Exercise
For the material below, set down exactly the lines between the one containing "đđš10-Color Temporary Tattoo Markers Set" and the last line, both included, leaving every picture out.

Recorded information
********************

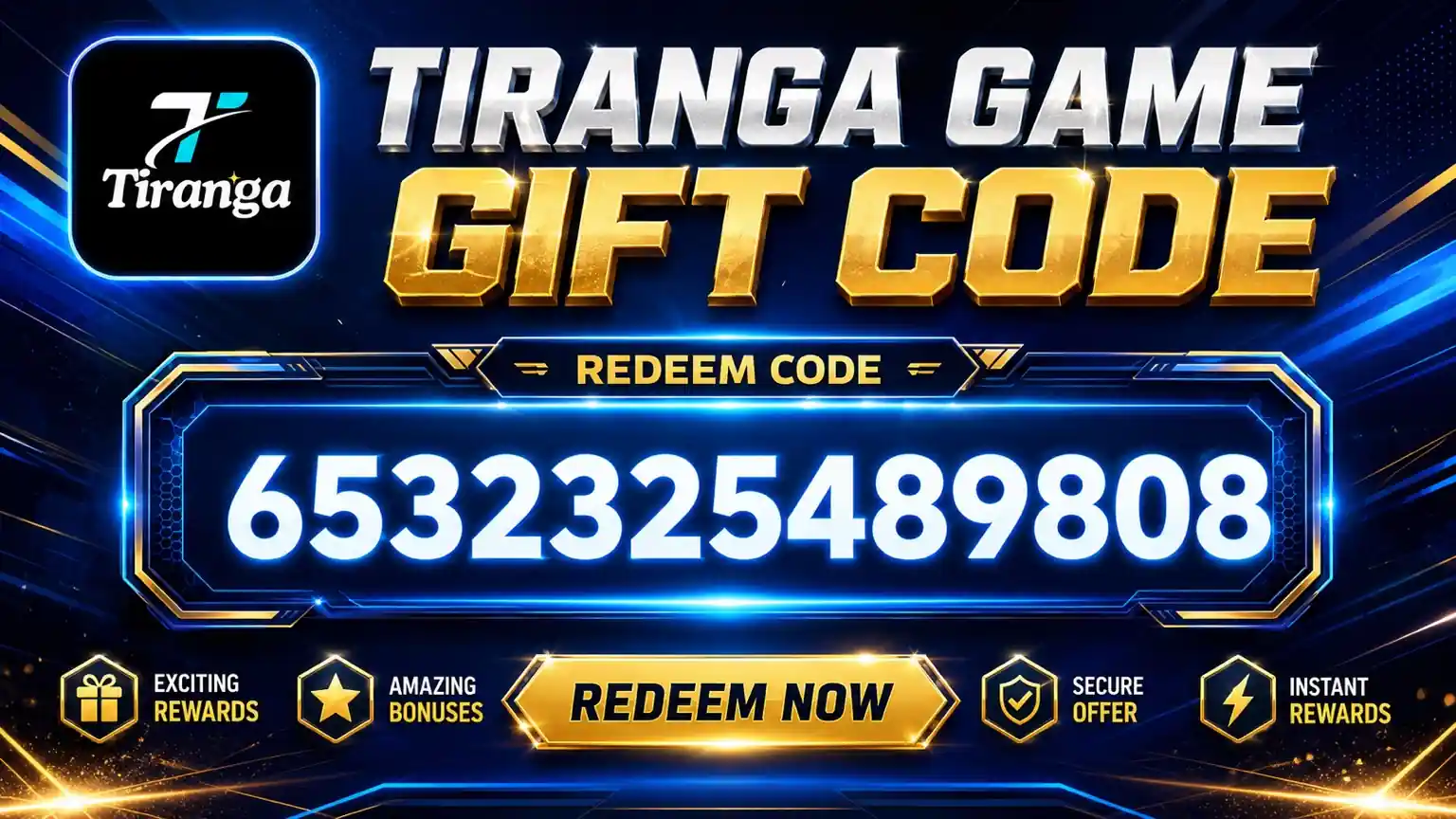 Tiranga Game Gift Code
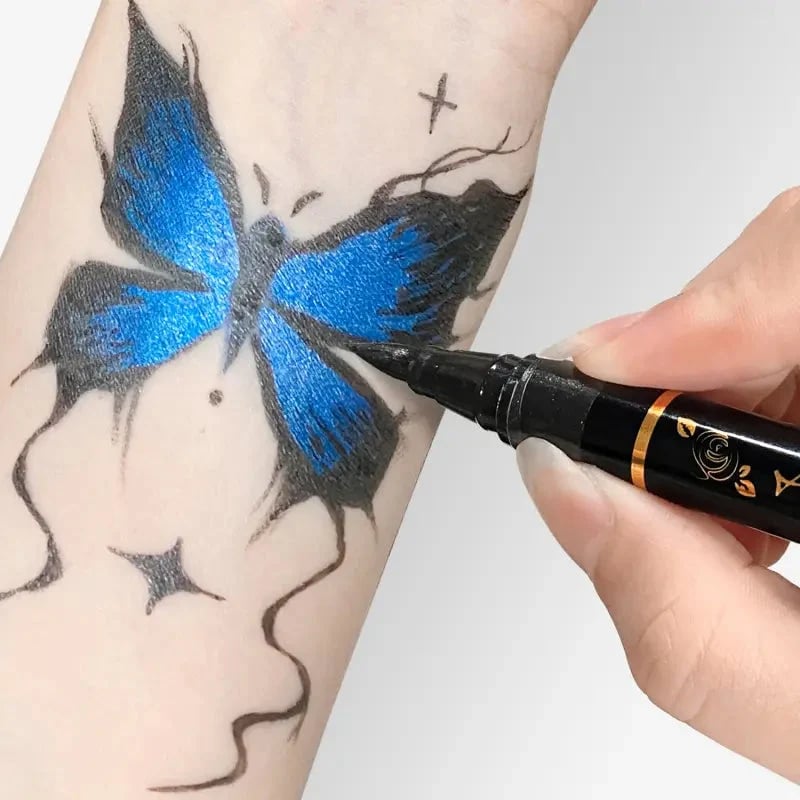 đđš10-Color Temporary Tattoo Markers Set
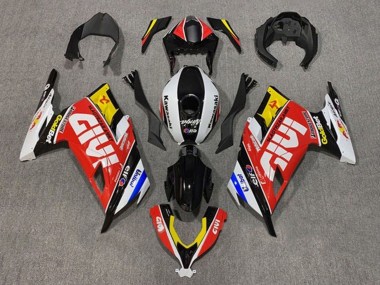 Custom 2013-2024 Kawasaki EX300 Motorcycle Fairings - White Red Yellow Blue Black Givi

********************

Task response
 đđš10-Color Temporary Tattoo Markers Set
 Custom 2013-2024 Kawasaki EX300 Motorcycle Fairings - White Red Yellow Blue Black Givi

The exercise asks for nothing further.